Generalizing these considerations, the situation is this: 1. That by the common law monopolies were unlawful because of their restriction upon individual freedom of contract and their injury to the public. 2. That as to necessaries of life the freedom of the individual to deal was restricted where the nature and character of the dealing was such as to engender the presumption of intent to bring about at least one of the injuries which it was deemed would result from monopoly, that is an undue enhancement of price. 3. That to protect the freedom of contract of the individual not only in his own interest, but principally in the interest of the common weal, a contract of an individual by which he put an unreasonable restraint upon himself as to carrying on his trade or business was void. And that at common law the evils consequent upon engrossing, etc., caused those things to be treated as coming within monopoly and sometimes to be called monopoly and the same considerations caused monopoly because of its operation and effect, to be brought within and spoken of generally as impeding the due course of or being in restraint of trade.

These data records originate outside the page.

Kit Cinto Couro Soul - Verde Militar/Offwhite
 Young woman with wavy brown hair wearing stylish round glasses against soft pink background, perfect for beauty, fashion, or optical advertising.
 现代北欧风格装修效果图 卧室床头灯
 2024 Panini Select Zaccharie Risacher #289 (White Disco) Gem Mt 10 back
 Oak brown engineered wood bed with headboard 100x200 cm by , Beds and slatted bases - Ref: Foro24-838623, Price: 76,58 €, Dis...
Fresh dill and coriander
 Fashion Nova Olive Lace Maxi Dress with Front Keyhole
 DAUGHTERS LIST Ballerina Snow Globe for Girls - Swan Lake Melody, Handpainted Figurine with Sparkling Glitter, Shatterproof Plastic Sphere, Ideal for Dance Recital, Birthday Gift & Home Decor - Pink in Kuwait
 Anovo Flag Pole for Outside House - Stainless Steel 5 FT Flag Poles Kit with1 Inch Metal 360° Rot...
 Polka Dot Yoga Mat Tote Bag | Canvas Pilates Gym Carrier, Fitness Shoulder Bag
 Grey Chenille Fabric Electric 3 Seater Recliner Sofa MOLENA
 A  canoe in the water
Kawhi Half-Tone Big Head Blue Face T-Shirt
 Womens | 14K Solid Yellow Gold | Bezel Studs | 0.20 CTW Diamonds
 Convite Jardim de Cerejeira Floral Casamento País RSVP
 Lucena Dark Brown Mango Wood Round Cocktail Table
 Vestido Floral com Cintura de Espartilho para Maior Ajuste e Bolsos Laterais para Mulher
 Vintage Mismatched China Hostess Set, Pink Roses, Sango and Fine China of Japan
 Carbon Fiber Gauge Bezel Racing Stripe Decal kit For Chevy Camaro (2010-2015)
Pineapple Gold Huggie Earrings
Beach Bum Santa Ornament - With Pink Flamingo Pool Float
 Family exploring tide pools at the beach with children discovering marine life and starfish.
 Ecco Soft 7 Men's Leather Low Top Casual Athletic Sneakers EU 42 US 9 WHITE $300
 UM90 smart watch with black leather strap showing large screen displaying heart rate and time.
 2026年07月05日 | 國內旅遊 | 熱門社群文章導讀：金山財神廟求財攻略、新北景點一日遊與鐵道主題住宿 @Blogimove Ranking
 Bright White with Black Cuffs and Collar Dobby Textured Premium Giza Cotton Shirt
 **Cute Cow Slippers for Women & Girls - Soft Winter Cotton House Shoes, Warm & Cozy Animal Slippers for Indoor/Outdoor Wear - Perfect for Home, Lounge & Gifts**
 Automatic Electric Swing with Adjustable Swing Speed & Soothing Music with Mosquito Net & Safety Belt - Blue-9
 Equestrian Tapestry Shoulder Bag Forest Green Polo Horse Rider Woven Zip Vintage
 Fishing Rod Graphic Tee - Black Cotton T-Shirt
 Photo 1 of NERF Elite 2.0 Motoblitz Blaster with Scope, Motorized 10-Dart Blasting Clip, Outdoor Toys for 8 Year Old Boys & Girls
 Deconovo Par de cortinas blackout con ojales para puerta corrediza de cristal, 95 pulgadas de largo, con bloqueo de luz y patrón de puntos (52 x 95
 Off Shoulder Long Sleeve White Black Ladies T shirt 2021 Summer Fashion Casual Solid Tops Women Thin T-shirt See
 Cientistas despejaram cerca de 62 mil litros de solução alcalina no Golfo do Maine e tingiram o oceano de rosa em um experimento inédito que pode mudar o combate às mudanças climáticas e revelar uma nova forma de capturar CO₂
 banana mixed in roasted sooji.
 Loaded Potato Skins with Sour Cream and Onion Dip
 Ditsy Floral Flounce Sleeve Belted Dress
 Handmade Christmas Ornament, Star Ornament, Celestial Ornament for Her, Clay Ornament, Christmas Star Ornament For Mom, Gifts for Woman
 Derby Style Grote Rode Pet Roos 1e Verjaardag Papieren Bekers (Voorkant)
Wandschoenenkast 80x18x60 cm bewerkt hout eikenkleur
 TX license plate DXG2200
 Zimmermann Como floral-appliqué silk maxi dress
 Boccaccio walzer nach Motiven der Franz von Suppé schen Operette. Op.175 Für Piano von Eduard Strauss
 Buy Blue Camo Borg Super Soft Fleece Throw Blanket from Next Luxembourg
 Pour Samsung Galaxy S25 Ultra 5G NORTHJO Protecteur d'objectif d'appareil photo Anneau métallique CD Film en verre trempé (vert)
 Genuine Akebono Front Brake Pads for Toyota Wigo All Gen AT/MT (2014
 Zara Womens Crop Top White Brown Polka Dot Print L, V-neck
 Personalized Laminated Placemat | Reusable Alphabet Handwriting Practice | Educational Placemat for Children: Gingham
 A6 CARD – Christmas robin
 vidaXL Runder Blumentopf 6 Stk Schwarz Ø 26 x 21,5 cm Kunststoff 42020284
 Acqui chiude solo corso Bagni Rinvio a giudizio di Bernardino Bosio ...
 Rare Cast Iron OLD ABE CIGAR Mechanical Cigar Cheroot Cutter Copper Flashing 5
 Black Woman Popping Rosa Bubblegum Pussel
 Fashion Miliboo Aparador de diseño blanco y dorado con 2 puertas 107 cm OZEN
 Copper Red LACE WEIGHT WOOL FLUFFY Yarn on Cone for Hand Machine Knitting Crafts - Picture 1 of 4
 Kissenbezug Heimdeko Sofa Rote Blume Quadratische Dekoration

From the development of more accurate economic conceptions and the changes in conditions of society it came to be recognized that the acts prohibited by the engrossing, forestalling, etc., statutes did not have the harmful tendency which they were presumed to have when the legislation concerning them was enacted, and therefore did not justify the presumption which had previously been deduced from them, but, on the contrary, such acts tended to fructify and develop trade. See the statutes of 12th George III, ch. 71, enacted in 1772, and statute of 7 and 8 Victoria, ch. 24, enacted in 1844, repealing the prohibitions against engrossing, forestalling, etc., upon the express ground that the prohibited acts had come to be considered as favorable to the development of and not in restraint of trade. It is remarkable that nowhere at common law can there be found a prohibition against the creation of monopoly by an individual. This would seem to manifest, either consciously or intuitively, a profound conception as to the inevitable operation of economic forces and the equipoise or balance in favor of the protection of the rights of individuals which resulted. That is to say, as it was deemed that monopoly in the concrete could only arise from an act of sovereign power, and, such sovereign power being restrained, prohibitions as to individuals were directed, not against the creation of monopoly, but were only applied to such acts in relation to particular subjects as to which it was deemed, if not restrained, some of the consequences of monopoly might result. After all, this was but an instinctive recognition of the truisms that the course of trade could not be made free by obstructing it, and that an individual's right to trade could not be protected by destroying such right.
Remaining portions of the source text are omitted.